Vote in the poll at right and share your thoughts and personal highlights in the comments section below.
Here's a look at some of Vancouver's best skating moments:
Shen Xue and Zhao Hongbo finally win Olympic gold
Zhao tore his Achilles shortly before the 2006 Torino Olympics, making a gold medal nearly impossible - and the bronze medal they received almost miraculous. But in Vancouver, their fourth Olympics, it was gold or nothing for Shen and Zhao, who returned from retirement specifically to add this missing medal to their trophy case.
It was a beautiful, mature performance that, despite an error on their final lift, clinched the gold medal, completing their collection.
Joannie Rochette's courageous performance
Joannie Rochette entered the Vancouver Olympics as Canada's top contender in ladies' figure skating. But tragically, and unexpectedly, her mother passed away just days before Rochette was to take the ice. Her performance in the short program was spot-on, making everything look effortless.
But at the conclusion of her performance, it became clear the emotional weight she was carrying.
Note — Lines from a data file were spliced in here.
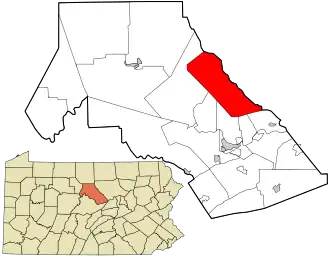 Location in Clinton County and the state of Pennsylvania.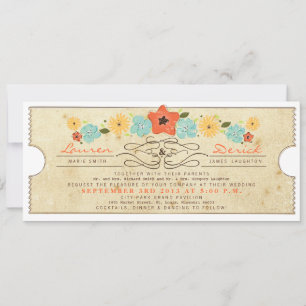 Rustikales Land Floral Ticket Tee Einladung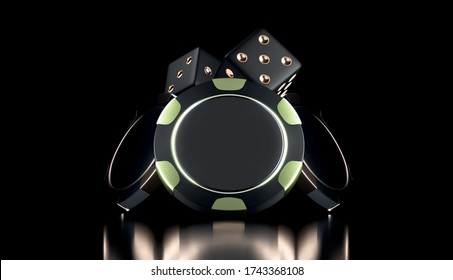 Vector Casino background. Casino game 3D chips and dice. Online casino banner. Black and gold realistic chip. Gambling concept, poker mobile app icon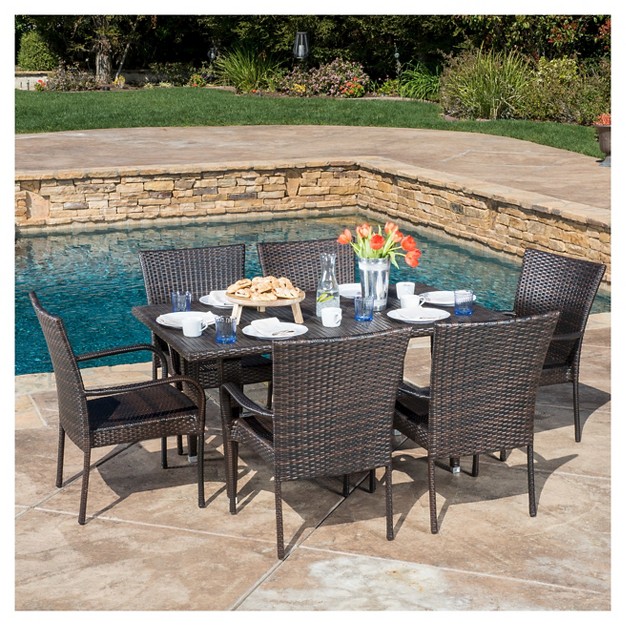 Delani 7pc Wicker Patio Dining Set Brown Christopher Knight Home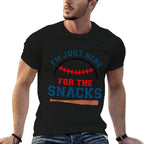 Im Just Here For The Snacks Funny Baseball Season Softball  Polyester Blend T-Shirt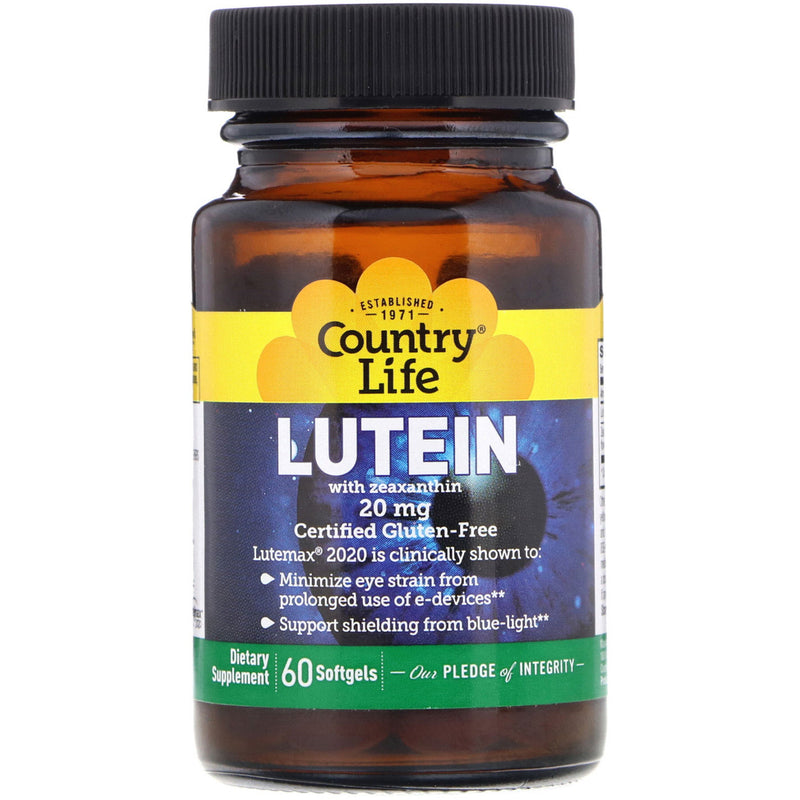 LUTEIN DE LIFE COUNTRY CON ZEAXANTIN, 20 mg, 60 Softgels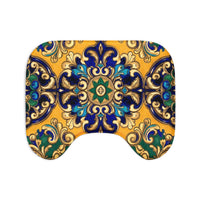 Mediterranean Tile Toilet Seat & Rug Set — 3-Piece Bathroom Decor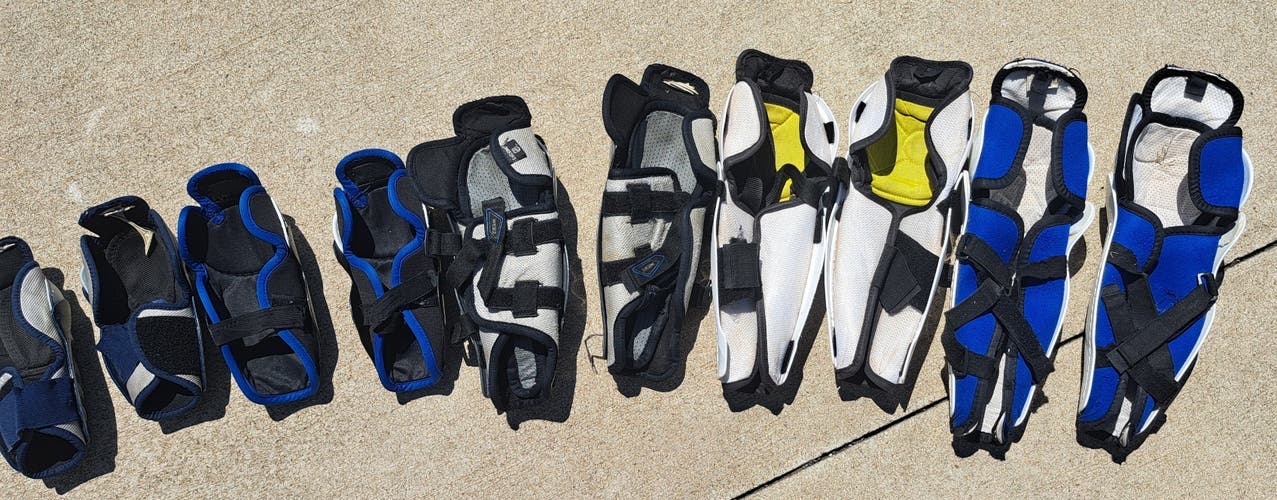 Lot of 5 junior hockey shin pads:7" through 12"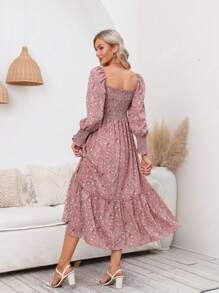 Vestido de chiffon floral ditsy para maternidade com mangas compridas, nova chegada da primavera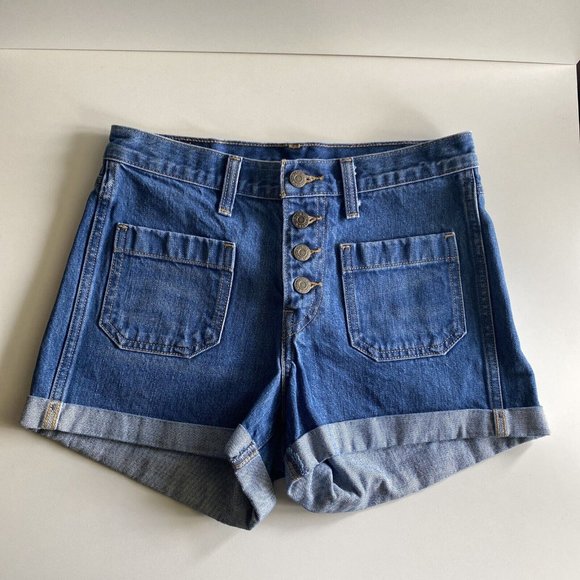Levi’s Orange Tab High Rise Button Fly Famous Fit Jeans Cuffed Bottom Size 27 - Picture 2 of 10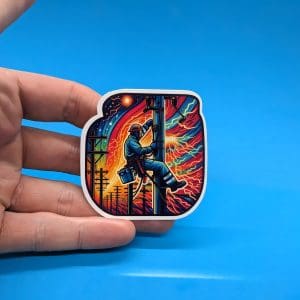 Lineman Sticker // psychedelic art // Blue Collar Hard Hat Decal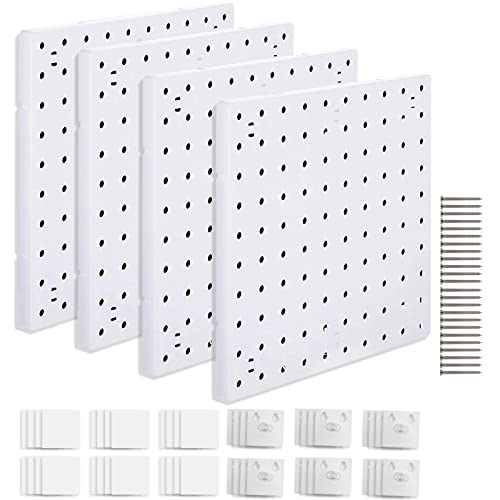 4 Pieces Pegboard Wall Mount Display Pegboards Wall Panel Kits DIY Pegboard Tool Organizer with Accessories for Garage Kitchen Living Room Bathroom Office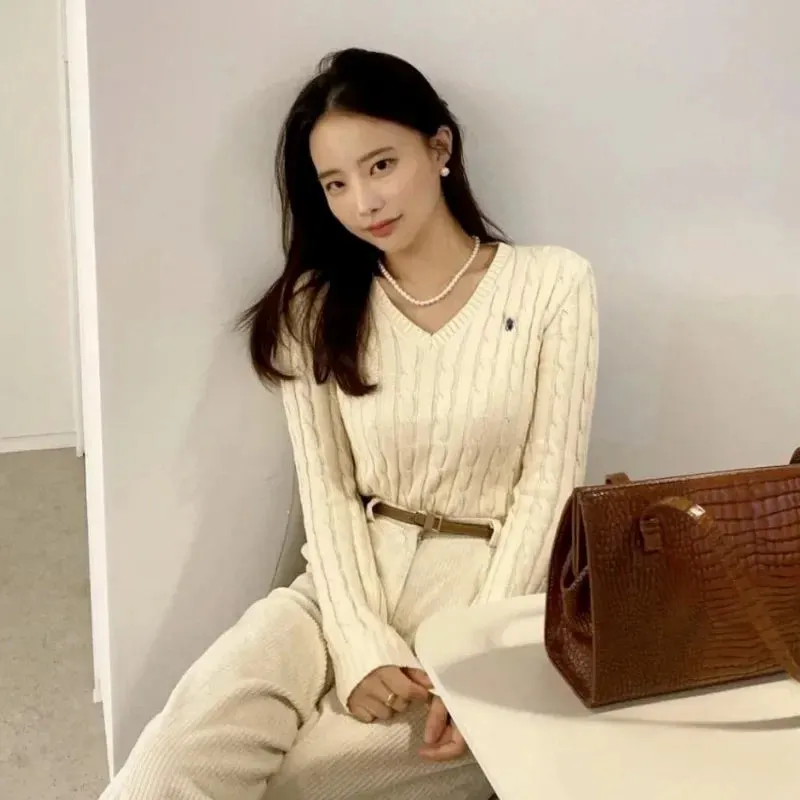 Knitted Top Casual Short Pullovers Lady Sweater V-neck Slim Solid Womens Jumper  Autumn Winter Female Long Sleeve Twist Traf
She broke down in tears, the grief that was still so raw finally bubbling to the surface. She managed to pull off another spectacular performance in the free skate and clinched the bronze medal, inspiring a lot of people along the way with her tremendous courage.
Lysacek wins first American gold since Boitano
The men's event promised to be an epic showdown with the return of Russia's Yevgeny Plushenko. Added to Plushenko was the incredible depth of the men's field, one of the deepest fields in history. But it was American Evan Lysacek who came out swinging, proving that his world champion crown was no fluke.
He beat defending Olympic champion Plushenko - sans quad - and a controversy erupted. Silver medalist Plushenko claimed that without a quad, men's skating is "dancing". But through it all, Lysacek stayed classy (making Anchorman Ron Burgundy proud, no doubt)
Scott Moir belts it out
Canadians Tessa Virtue and Scott Moir became the first North American ice dance team to capture gold at the Winter Olympics.
They brought the house down with their romantic, yet extraordinarily difficult, free dance set to Mahler. As the national anthem blared out for the gold medal winners, Moir jubilantly belted out "Oh, Canada" and the entire coliseum (and nation) sang along with him - equally jubilant.
It was a spectacular moment for not only Virtue and Moir, but also for the host country.
The (official) coronation of Kim Yu-Na
Known in her home country as "Queen Yu-Na", Kim Yu-Na entered the Vancouver Olympics as the overwhelming favorite for gold. But many questioned if she could withstand the tremendous pressure placed on her shoulders.
She answered with an emphatic "yes", scoring world records in both the short and long programs and completely dominating the competition. Long live the Queen!